Пятнадцатого ноября Слейтера выпустили из тюрьмы — “за хорошее поведение”. В официальных бумагах не было сказано, виновен он или нет. Он провел в заключении восемнадцать с половиной лет. Едва Слейтер вышел, Конан Дойл отправил ему письмо: “Позвольте мне от лица моей жены и от моего собственного выразить вам, как нам горько, что вы стали жертвой жестокой несправедливости наших властей. Единственным вашим слабым утешением может стать то, что ваша судьба, если нам удастся рассказать о ней всем, убережет других несчастных от такой же участи”. Слейтер ответил в самых бурных выражениях: “Сэр Конан Дойл, вы разбили мои кандалы, вы борец за правду во имя справедливости, я благодарю вас от всего своего сердца за то добро, что вы для меня сделали. У меня душа переполнена любовью и благодарностью к вам и вашей жене, почтенной леди Конан Дойл, и всем честным мужчинам и женщинам, которые из любви к справедливости (и только к ней) помогали мне — отверженному. До последнего вздоха я буду благословлять вас и вашу дорогую супругу, мой дорогой, дорогой Конан Дойл. Подписываюсь просто: с безмерной любовью, ваш Оскар Слейтер”.

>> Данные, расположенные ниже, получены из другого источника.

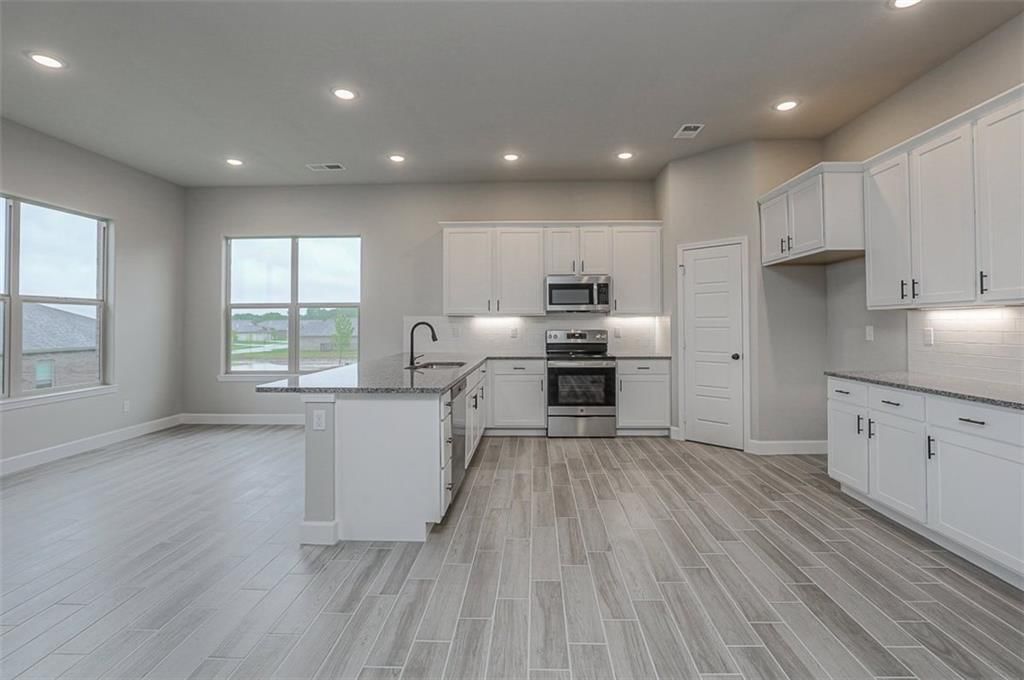 25241 W 92nd Terrace — photo 5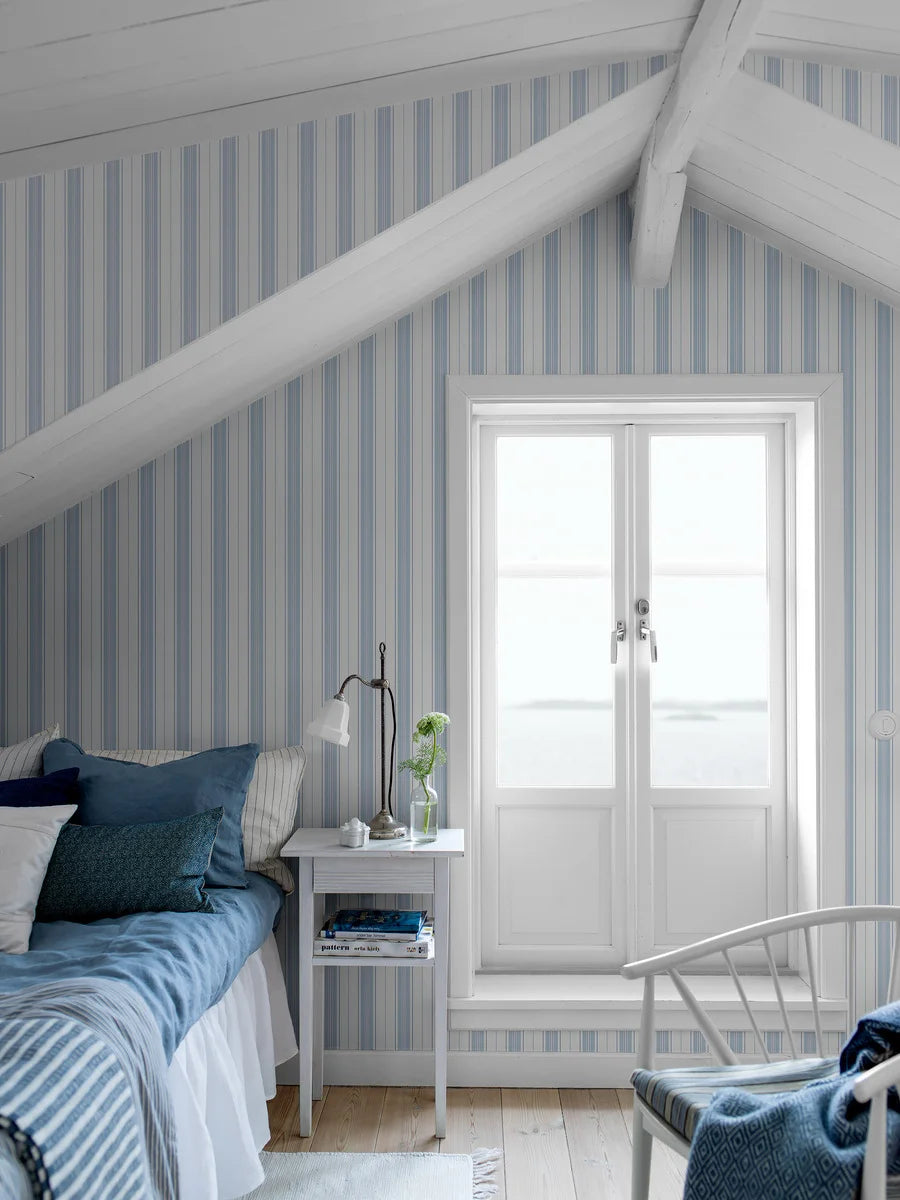 Hamnskär Stripe wallpaper by Boråstapeter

Но Дойл считал, что одного освобождения недостаточно, Слейтер должен получить компенсацию. И в конечном итоге суд решил, что Слейтеру причитаются 6000 фунтов компенсации за то, что он 18 лет проработал в каменоломнях. Дойл полагал, что Слейтер должен вернуть ему часть денег, потраченных им на судебные издержки, однако тот вовсе так не считал. Я, заявил Слейтер, не уполномочивал вас, дорогой сэр, выступать от моего имени. Помимо этого Слейтер был уверен, что Дойл получал неплохие гонорары за свои статьи об этом деле (он ошибался). Дошло до того, что рассерженный писатель теперь уже сам собрался подать на своего “подзащитного” в суд, дабы взыскать с него долг. Друзьям удалось отговорить его, но закончилось общение на том, что Дойл отослал Слейтеру следующее письмо: “Вы, похоже, совершенно потеряли рассудок. Но если вы все же отвечаете за свои поступки, значит, вы самый неблагодарный, а равно и самый глупый человек, какого я знаю”.